Captioned web images
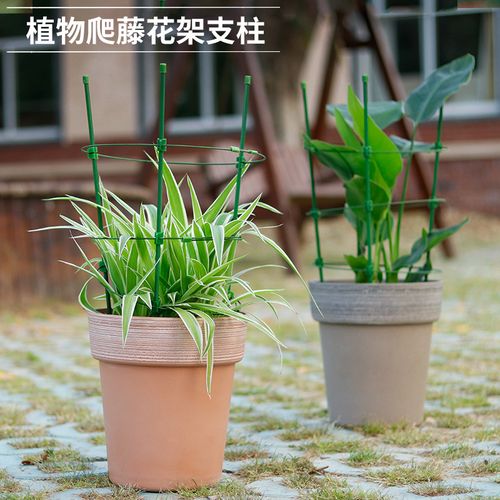 爬藤架子花支架月季花架植物盆栽室内花卉支撑杆园艺铁线莲攀爬架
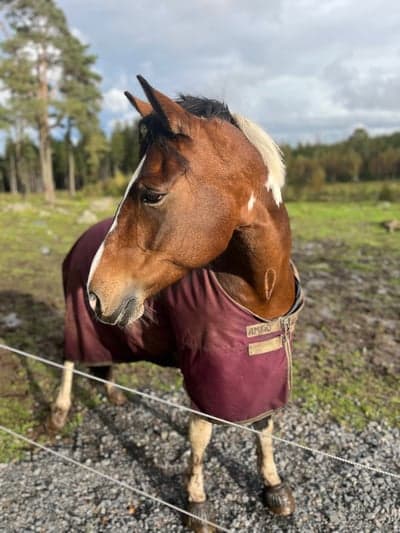 Inlägg 158 av Allround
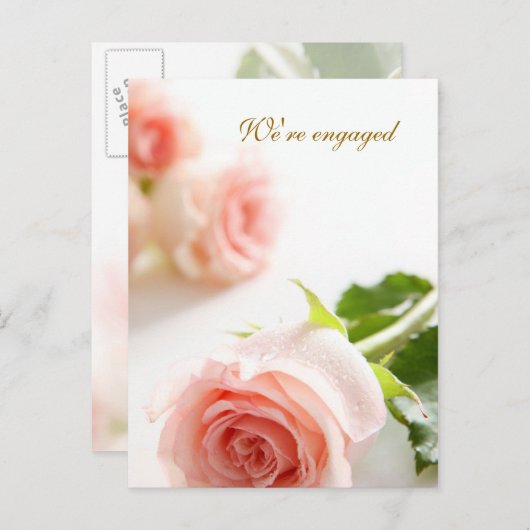 Wit roze roos verlovingsaankondiging aankondigingskaart (Voorkant / Achterkant)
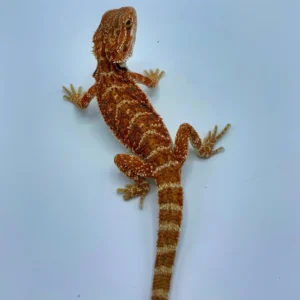 Buy Super Red Bearded Dragon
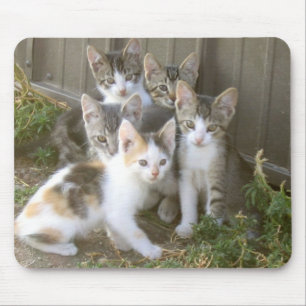 Kitten Friends Mousepad Muismat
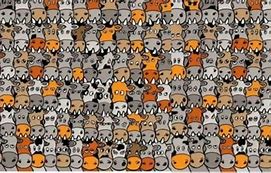 Image result for Can You Find for Kids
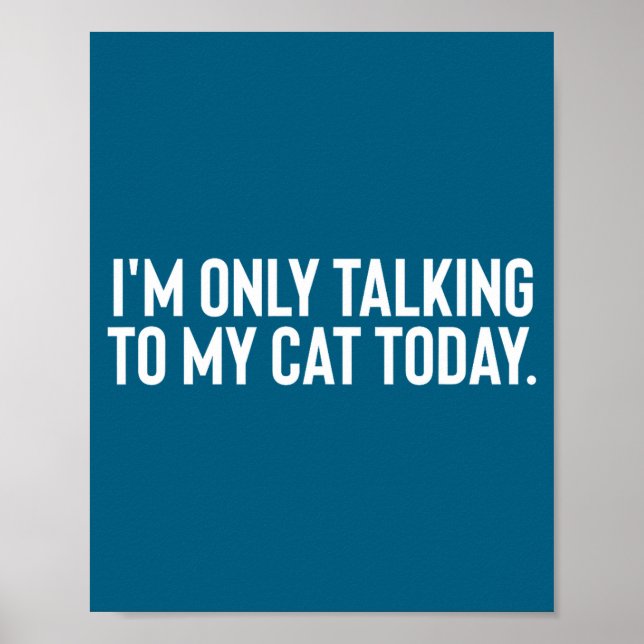 Poster Hoje Só Estou Falando Com Meu Gato  (Frente)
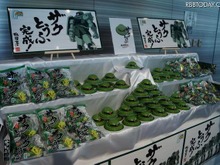 「ザクとうふ」早くも全滅!? ― 生産間に合わず、全力で増産体制強化へ 画像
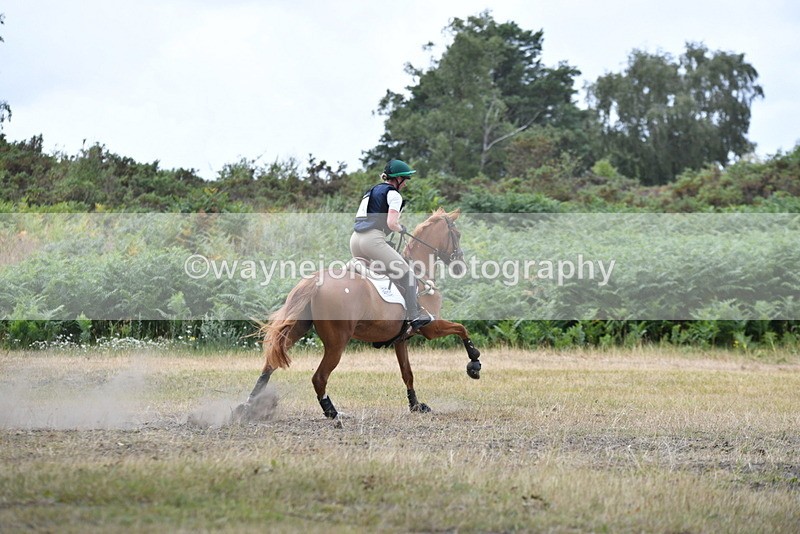 WJ5_2140 - XC Time 12:56 to 13:21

[What to produce]: Write out each entry exactly; any pictures stay out of the copy.

[Response to the exercise]:
 爬藤架子花支架月季花架植物盆栽室内花卉支撑杆园艺铁线莲攀爬架
 Inlägg 158 av Allround
 Wit roze roos verlovingsaankondiging aankondigingskaart (Voorkant / Achterkant)
 Buy Super Red Bearded Dragon
 Kitten Friends Mousepad Muismat
 Image result for Can You Find for Kids
 Poster Hoje Só Estou Falando Com Meu Gato  (Frente)
 「ザクとうふ」早くも全滅!? ― 生産間に合わず、全力で増産体制強化へ 画像
 WJ5_2140 - XC Time 12:56 to 13:21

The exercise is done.